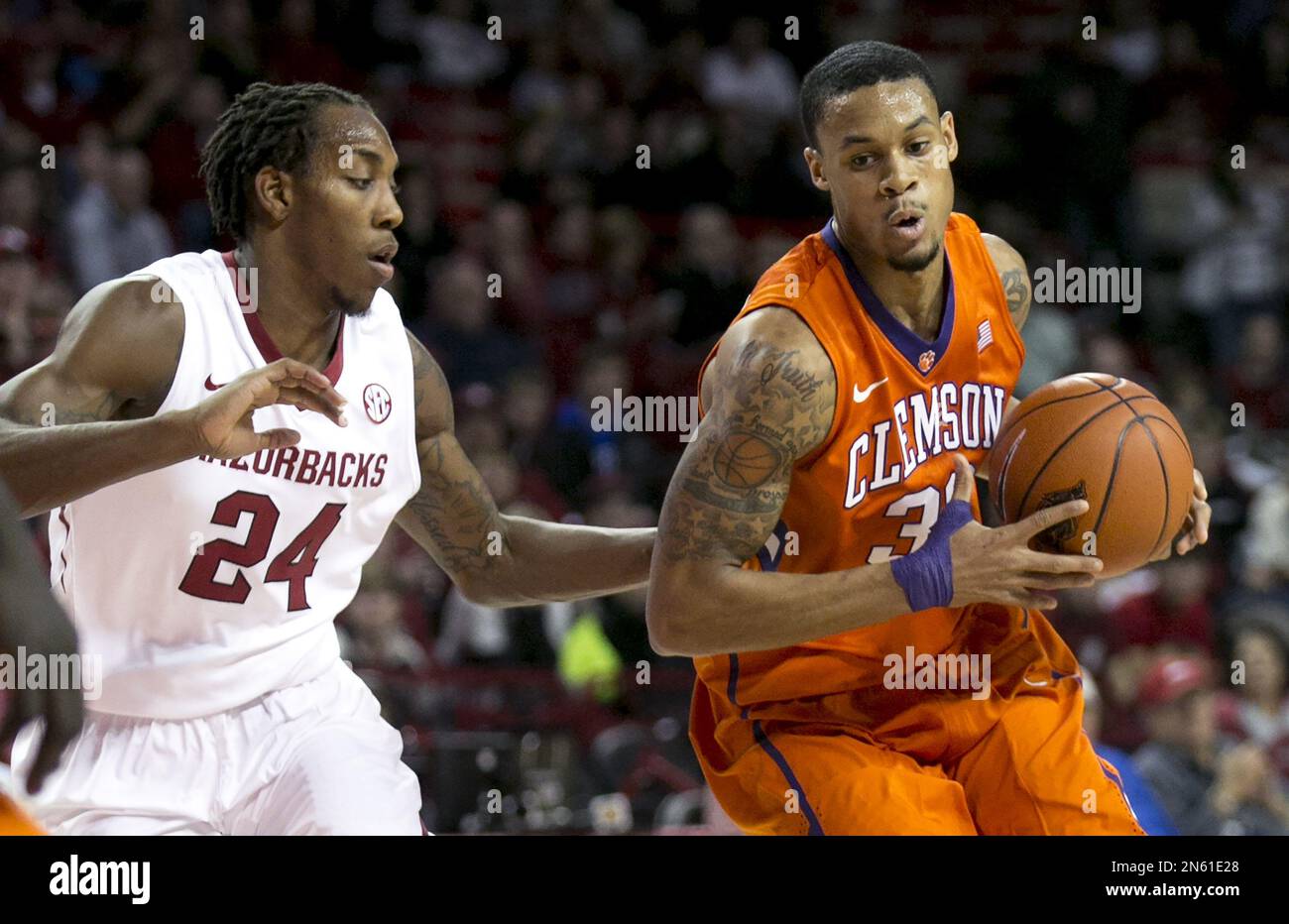 Clemson forward K.J. McDaniels, right, drives to the basket against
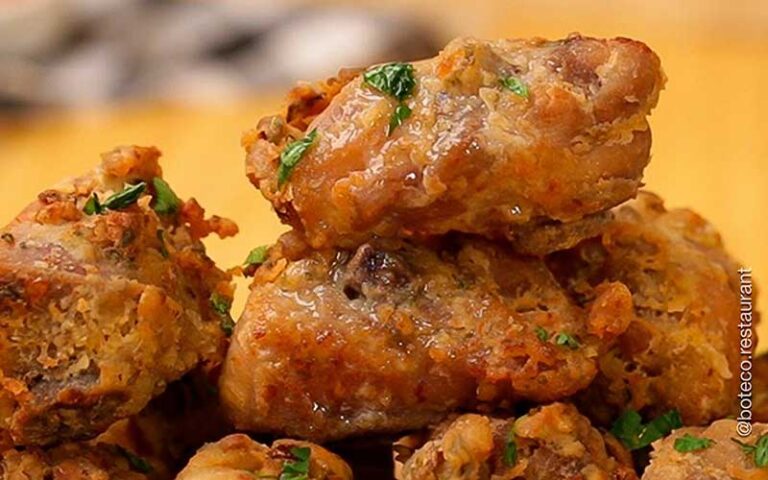 stack of meat nuggets with green herbs at boteco restaurant orlando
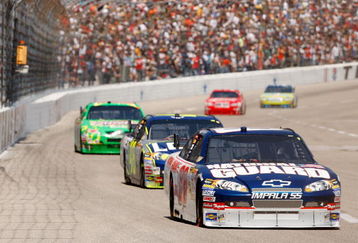 FORT WORTH, TX - APRIL 06: Dale Earnhardt Jr., driver of the #88 National Guard/AMP Energy Chevrolet, leads the field during the NASCAR Sprint Cup Series Samsung 500 at Texas Motor Speedway on April 6, 2008 in Fort Worth, Texas.  (Photo by Chris Graythen/Getty Images)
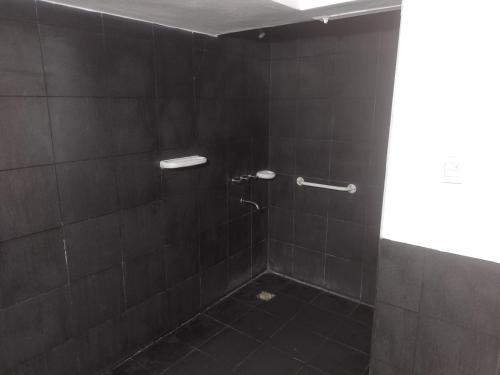 a bathroom with a shower with black tiles at Hotel Hualum in Villa Dolores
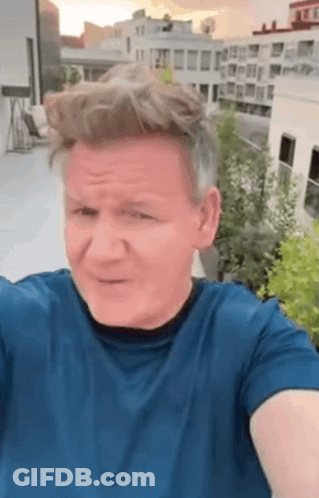 A Man In A Blue Shirt Is Taking A Selfie On A Rooftop With A City In The Background . GIF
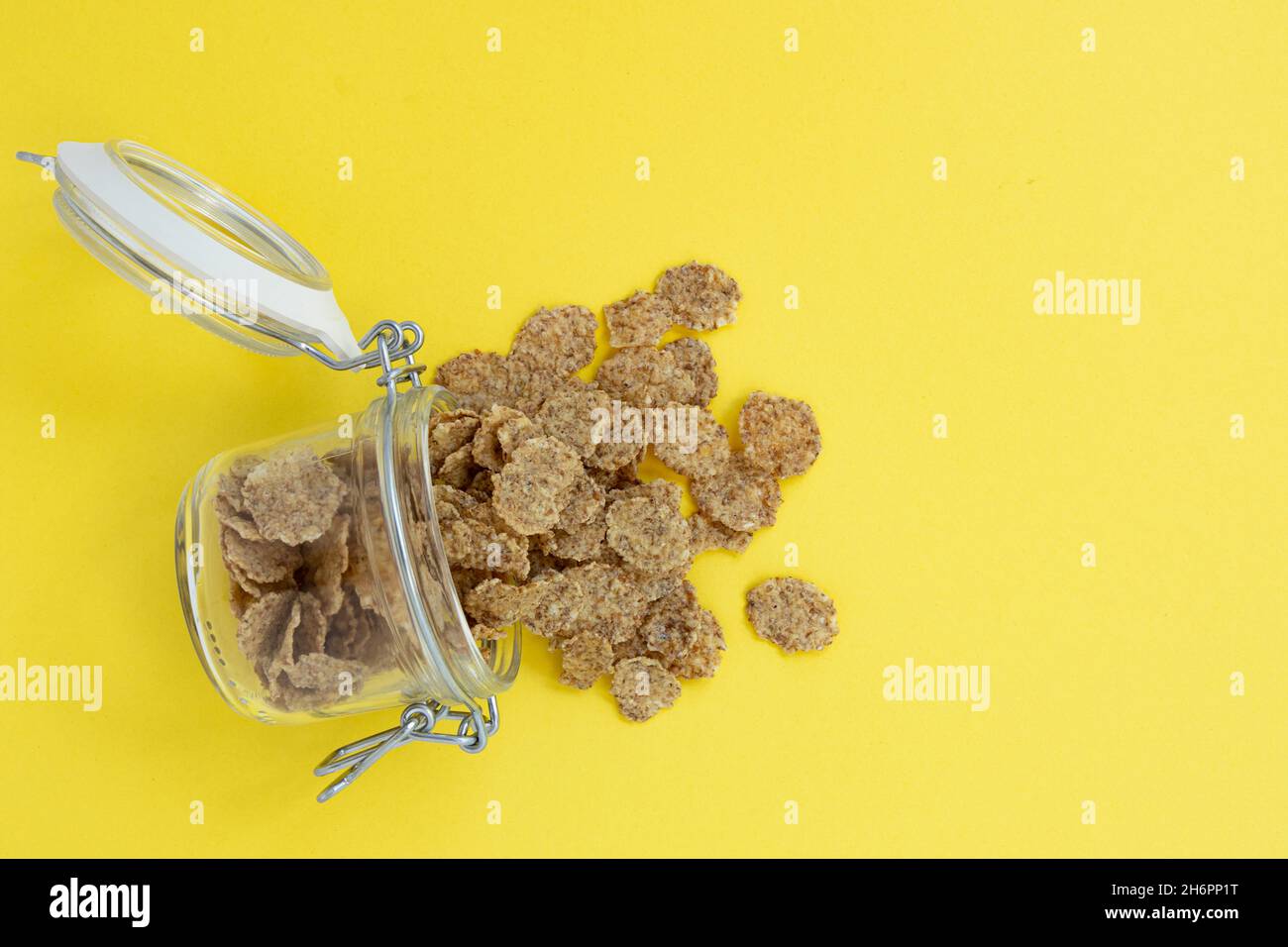 Glas mit offenem Deckel liegt auf gelbem Hintergrund, Vollkornflocken für gesundes Frühstück fallen aus ihm, leerer Platz für Text Stockfoto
::::::
_WORK TASK_
None of the pictures should appear; repeat the records exactly otherwise.

_OUTPUT FOR THIS TASK_
 Clemson forward K.J. McDaniels, right, drives to the basket against
 stack of meat nuggets with green herbs at boteco restaurant orlando
 FORT WORTH, TX - APRIL 06: Dale Earnhardt Jr., driver of the #88 National Guard/AMP Energy Chevrolet, leads the field during the NASCAR Sprint Cup Series Samsung 500 at Texas Motor Speedway on April 6, 2008 in Fort Worth, Texas.  (Photo by Chris Graythen/Getty Images)
 a bathroom with a shower with black tiles at Hotel Hualum in Villa Dolores
 A Man In A Blue Shirt Is Taking A Selfie On A Rooftop With A City In The Background . GIF
 Glas mit offenem Deckel liegt auf gelbem Hintergrund, Vollkornflocken für gesundes Frühstück fallen aus ihm, leerer Platz für Text Stockfoto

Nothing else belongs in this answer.